Centralizing an Oozie connection - 6.1

Talend Real-time Big Data Platform Studio User Guide

EnrichVersion
6.1
EnrichProdName
Talend Real-Time Big Data Platform
task
Data Quality and Preparation
Design and Development
EnrichPlatform
Talend Studio

If you often need to use Oozie scheduler to run and monitor Jobs on top of Hadoop, then you may want to centralize the Oozie settings in the Metadata folder in the Repository tree view.

Prerequisites:

  • Launch the Hadoop distribution you need to use and ensure that you have the proper access permission to that distribution and its Oozie.

  • Create the connection to that Hadoop distribution from the Hadoop cluster node. For further information, see Centralizing a Hadoop connection.

The Oozie scheduler is used to schedule executions of a Job, deploy and run Jobs in HDFS and monitor the executions. To create an Oozie connection, proceed as follows:

  1. Expand the Hadoop cluster node under Metadata in the Repository tree view, right-click the Hadoop connection to be used and select Create Oozie from the contextual menu.

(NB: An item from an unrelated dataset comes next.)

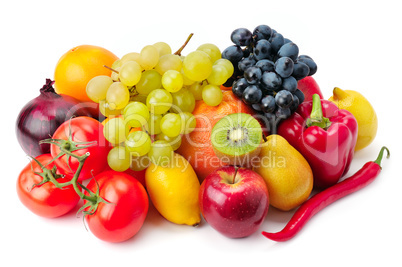 fruits and vegetables isolated on a white background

  2. In the connection wizard that opens up, fill in the generic properties of the connection you need create, such as Name, Purpose and Description. The Status field is a customized field you can define in File >Edit project properties.

  3. Click Next when completed. The second step requires you to fill in the Oozie connection data. In the End Point field, the URL of the Oozie web application is automatically constructed with the host name of the NameNode of the Hadoop connection you are using and a default Oozie port number. This web application also allows you to consult the status of the scheduled Job executions in the Oozie Web Console in your web browser.

    If the Hadoop distribution you select enables the Kerberos security, the User name field becomes deactivated.

    You can still modify this Oozie URL if necessary.

  4. If you need to use custom configuration for the Hadoop distribution to be used, click the [...] button next to Hadoop properties to open the corresponding properties table and add the property or properties to be customized. Then at runtime, these changes will override the corresponding default properties used by the Studio for its Hadoop engine.

    Note a Parent Hadoop properties table is displayed above the current properties table you are editing. This parent table is read-only and lists the Hadoop properties that have been defined in the wizard of the parent Hadoop connection on which the current Oozie connection is based.

    For further information about the Oozie-related properties of Hadoop, see Apache's Hadoop documentation about Oozie on https://oozie.apache.org/docs, or the documentation of the Hadoop distribution you need to use. For example, the following page lists some of the Oozie-related Hadoop properties: https://oozie.apache.org/docs/4.1.0/AG_HadoopConfiguration.html.

    For further information about how to leverage this properties table, see Setting reusable Hadoop properties.

  5. In the User name field, enter the login user name for Oozie, or leave this field empty to use the anonymous access in which the user name of the client machine is used.

  6. Click Check to verify the connection.

    A message pops up to indicate whether the connection is successful.

  7. Click Finish to validate these changes.

    The created Oozie connection is now available under the Hadoop cluster node in the Repository tree view.

    Note

    This Repository view may vary depending the edition of the Studio you are using.

Then when you configure the Oozie scheduler for a Job in the Oozie scheduler view, you can reuse the centralized Oozie settings.

For further information about how to use Oozie scheduler for a Job, see How to run a Job via Oozie.

If you need to use an environmental context to define the parameters of this connection, click the Export as context button to open the corresponding wizard and make the choice from the following options:

  • Create a new repository context: create this environmental context out of the current Hadoop connection, that is to say, the parameters to be set in the wizard are taken as context variables with the values you have given to these parameters.

  • Reuse an existing repository context: use the variables of a given environmental context to configure the current connection.

If you need to cancel the implementation of the context, click Revert context. Then the values of the context variables being used are directly put in this wizard.

For a step-by-step example about how to use this Export as context feature, see Exporting metadata as context and reusing context parameters to set up a connection.